■ **PROBLEM TO WORK ON**
What you should give back is a precise copy of the lines below from the one containing "Poor malagasy boy" through the one containing "Senior Couple Stand", with no pictures.

■ **EXERCISE DATA**

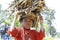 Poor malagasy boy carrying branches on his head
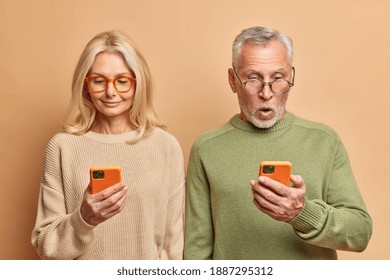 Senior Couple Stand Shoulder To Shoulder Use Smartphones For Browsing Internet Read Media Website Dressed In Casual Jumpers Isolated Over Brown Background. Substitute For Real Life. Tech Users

...

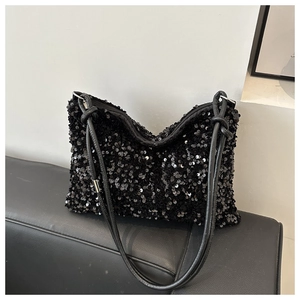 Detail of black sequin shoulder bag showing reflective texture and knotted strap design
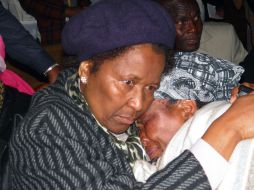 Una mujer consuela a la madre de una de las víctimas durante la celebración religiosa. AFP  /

...

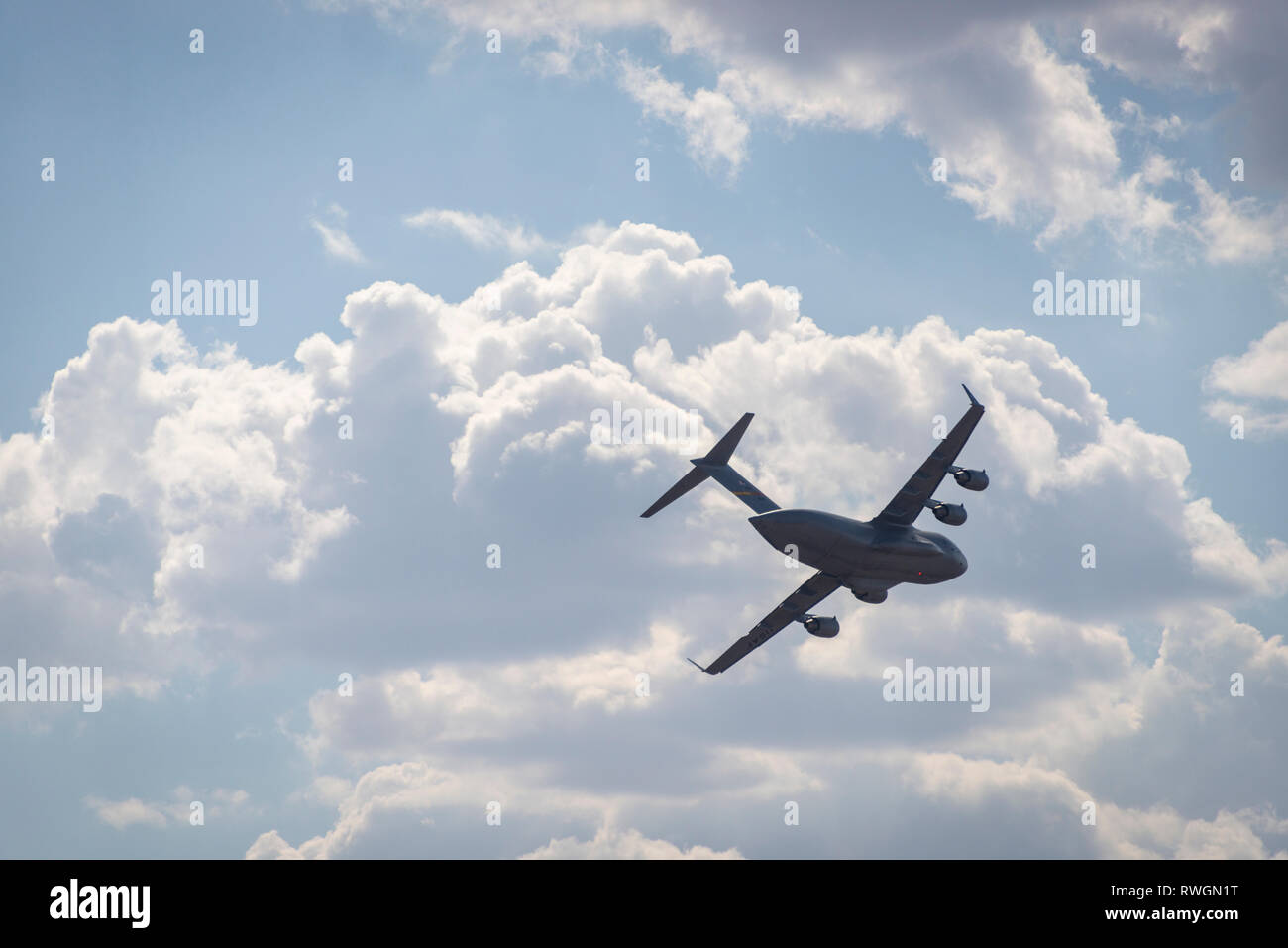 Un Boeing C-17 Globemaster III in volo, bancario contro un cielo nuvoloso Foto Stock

■ **TASK OUTPUT**
 Poor malagasy boy carrying branches on his head
 Senior Couple Stand Shoulder To Shoulder Use Smartphones For Browsing Internet Read Media Website Dressed In Casual Jumpers Isolated Over Brown Background. Substitute For Real Life. Tech Users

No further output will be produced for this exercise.